I was in the hospital, having suffered what used to be called a nervous breakdown, though it probably has some technical terminology now, but I just say I was so depressed I was thinking about dying until I stopped just thinking about it. (This is where, if we were talking face to face, I’d insert some self-deprecating or incredibly dark joke to break the seriousness of the moment. Please pretend I said something disarmingly witty and let’s move on.)
My dad came to visit and, despite never wanting gifts for himself, he brought me two books. The first was a collection of journalism from a guy who’d reported from Iraq. My dad might have mentioned why he’d brought that one, but other people’s voices went in and out of my head without leaving any mental residue. I had to work hard to read, but reading took me out of the hospital ward. I got to leave reality for a bit, got to forget that I was smoking bummed cigarettes in a walled-in concrete garden or sitting alone on a hard bed with thin sheets.
The other book from my dad was some Jeeves and Wooster stories. I read the first one and nothing inside me moved. Over the next few stories, I started recognising punchlines as punchlines, and something in my brain told me, That’s a joke right there. Eventually, I snorted a few times, a sharp exhale that’s not quite a laugh, more of an acknowledgment of humour. Then I started laughing. Bertie Wooster and his man Jeeves (not a butler, though he “can buttle with the best of them”) had me smiling, grimacing, giggling like an idiot.
I guess it’s true to say that the first book let me forget and the second helped me remember.
I don’t know if Wodehouse coaxed me out of the depression that had stopped me laughing, or if I was already coming out of it and his writing accompanied me along the way, but it didn’t matter.
The book was with me like a patient friend and reminded me that there were worlds apart from my sadness, and there were other lives to be lived out there, and other feelings to be felt, and that my dad cared about me, that’s why he gave me books.

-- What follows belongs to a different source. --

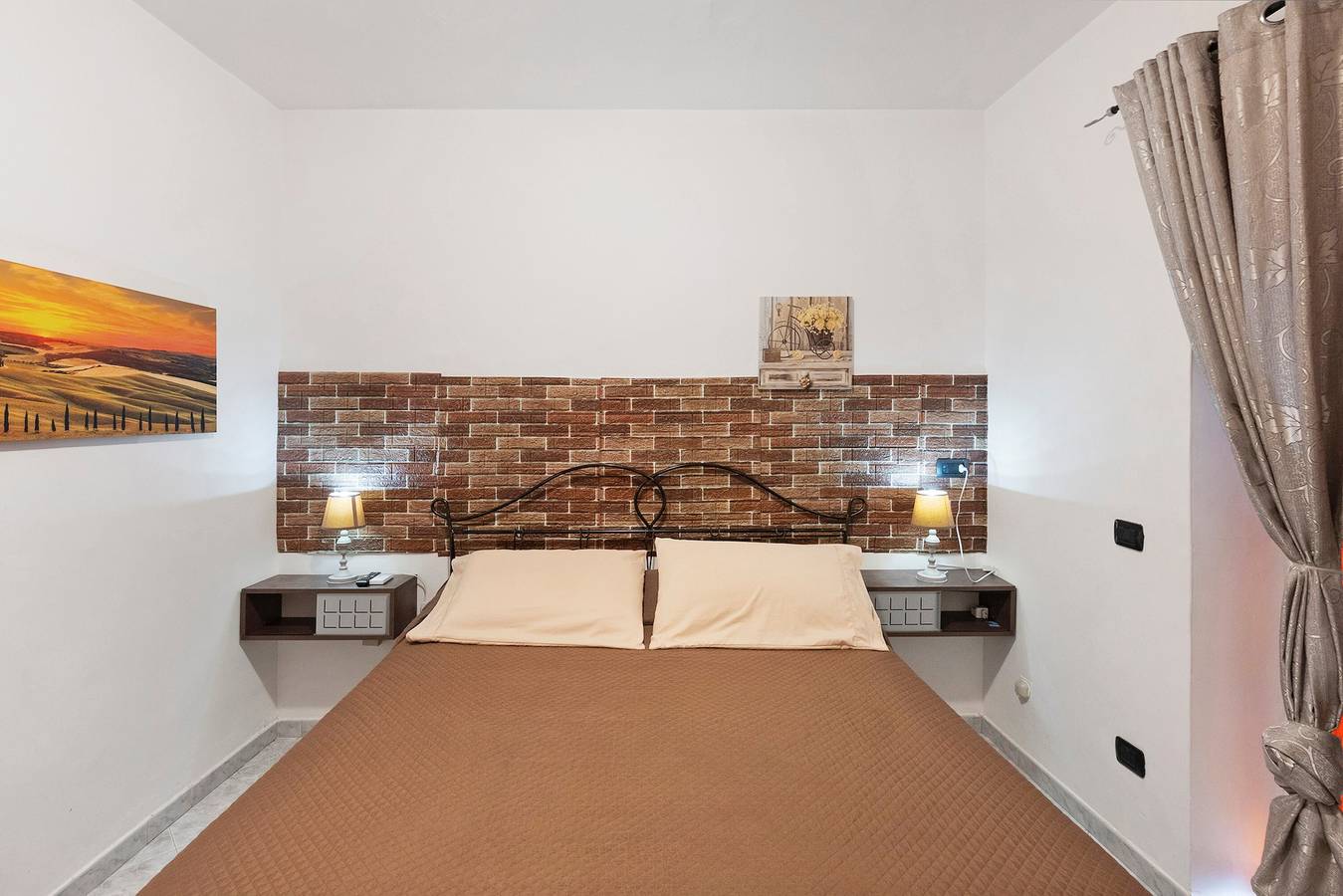 Zimmer 'Camera Doppia Dell'Arco Romano' mit privater Terrasse, Wlan und Klimaanlage in Pozzuoli, Neapel Provinz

A relatable read - though it was my step-mum who introduced me to books as gifts. Her gift of Jonathan Livingston Seagull is my most treasured. We still go out and buy each other second hand books on our latest favorite genres a few times a year. I lucked out of step-parents for sure!
As a fellow awkward gift receiver/giver, books truly are irreplaceable. They are a window into the soul sometimes and we all like feeling seen. Great article - A
I’m glad your dad gave you those books because it allowed you to write this lovely essay. Thank you for sharing it!